Saturday night’s set at Lower East Side venue Rothko was fraught with madness even before the doors opened. Originally, the show was meant to go down at a new club nearby, but the band’s handlers blasted out mass e-mails on Saturday afternoon announcing that the show was relocated to Rothko because the other venue was still “a complete construction zone” when Editors arrived for soundcheck.
The aftermath essentially became an experiment in physics: How many human bodies could be willingly forced into one small room if allowed to trickle inside over the course of two hours? The answer: Way, way too many. Being packed into a shoebox-shaped room (if only all shoeboxes were equipped with bars) shoulder to shoulder with semi-drunken, overly-excited music fans was not necessarily the way most people would elect to check out a new band for the first time. But once the U.K. foursome was escorted onstage to play a set of songs off The Back Room — their debut album that’s set for an April U.S. release — it was almost possible to ignore the elbows and knees that kept grinding into your flesh from behind.
Compact Discs: Sound of the Future
Editors sounded an awful lot like Joy Division by way of Interpol, but that mix clearly had its clutches on their budding American fan base. Scores of people around the room greeted each song like they were watching their national team score goals during the World Cup. Cashing in on the popularity of angular guitar riffs and echo-laden vocals, Editors tore through already-beloved songs like “Bullets” and “Munich” as the crowd bounced in glee, testing the structural integrity of the room’s floorboards. Singer Tom Smith sustained almost constant eye contact with the crowd as he howled and twisted about the stage — powered by each song’s essence inside him — and that sensation often spilled over into the audience.
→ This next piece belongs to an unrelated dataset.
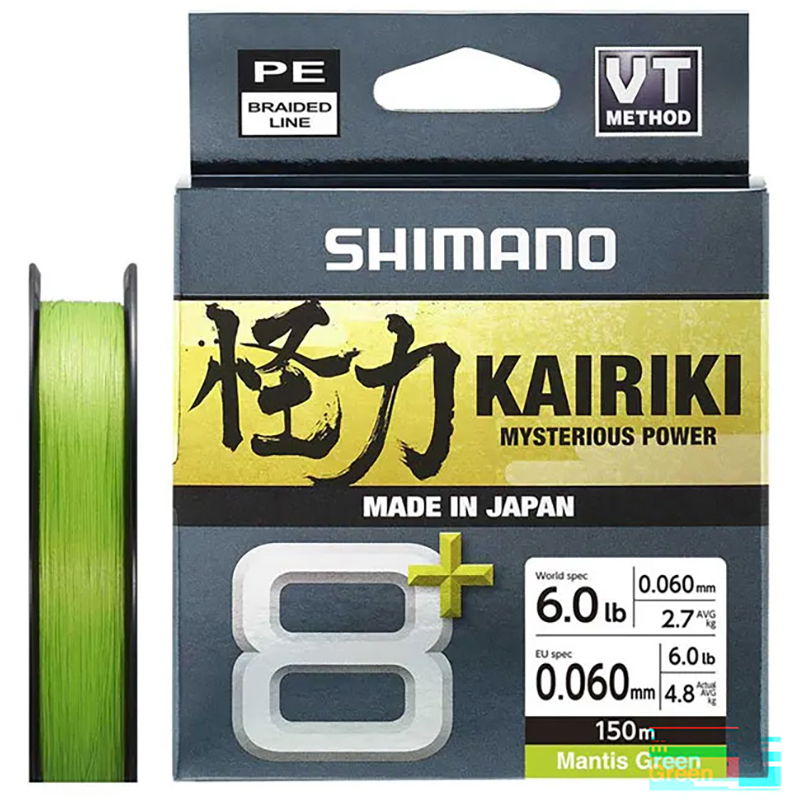 Shimano Kairiki 8+ 'Mantis Green' 150m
There was nothing particularly new or innovative about the music Editors played, but their energetic set, at the very least, elevated them above their stoic peers (ah-hem, Interpol) and rationalized the dramatic reactions of their fans. It’s understandable that one would spend all day online searching for a ticket to see Editors’ flagship New York appearance; whether they justified $75 per-ticket prices on Craigslist is still up for debate.